The assignments focus on core machine learning concepts, algorithms, and their implementation in Python, with a strong emphasis on model training, evaluation, and analysis. Each assignment is organized into its own directory, containing code, reports, and visualizations to aid in understanding the various techniques and models applied.
In this assignment, we implemented a Naive Bayes classifier with a focus on classification using the MNIST dataset. Key components include:
- Training the Naive Bayes model using a Dirichlet prior with MAP estimation.
- Evaluating the model's accuracy and analyzing performance using a confusion matrix.
- Conducting experiments with model selection, data generation, and handling missing data.
For more details, see the full README for Assignment 1.
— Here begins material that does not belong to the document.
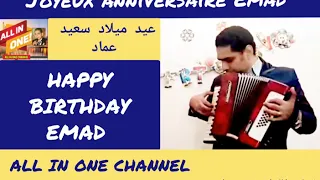 أغنية عيد ميلاد سعيد بأسم عماد HAPPY BIRTHDAY EMAD Joyeux Anniversaire Emad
This assignment involves logistic regression, using both MLE and MAP estimation techniques on the Spambase dataset. The main highlights include:
- Training logistic regression models with different regularization settings.
- Exploring the effects of regularization on feature importance and model interpretability.
- Comparing gradient descent and stochastic gradient descent approaches for optimization.
For more details, see the full README for Assignment 2.
In this assignment, we explored the application of Singular Value Decomposition (SVD) in dimensionality reduction. Major focus areas include:
- Implementing the SVD algorithm and validating its functionality.
- Applying SVD for dimensionality reduction on high-dimensional datasets.
- Analyzing reconstruction errors and understanding the trade-off between dimensionality and performance.
For more details, see the full README for Assignment 3.
This assignment investigates two major latent variable models: Probabilistic PCA (PPCA) and Gaussian Mixture Models (GMM). Key tasks include:
- Probabilistic PCA:
- Generating and visualizing datasets with varying noise levels and analyzing the impact on data distribution.
- Implementing MLE for PPCA and exploring the relationship between latent variables and noise.
- Discovering the number of latent variables in a secret PPCA dataset using scree plots and validation data.
- Gaussian Mixture Models:
- Generating toy datasets and performing K-Means clustering as a baseline for comparison.
- Implementing the Expectation-Maximization algorithm for fitting GMMs using MLE.
- Evaluating clustering results and comparing with K-Means for different numbers of components.
For more details, see the full README for Assignment 4.
- Assignment 1: Naive Bayes Classifier
- Assignment 2: Logistic Regression
- Assignment 3: Singular Value Decomposition (SVD)
- Assignment 4: Latent Variable Models (LVM)
Each assignment folder includes:
- Task sheet
- Jupyter notebooks with code and outputs
- LaTeX report and corresponding visualizations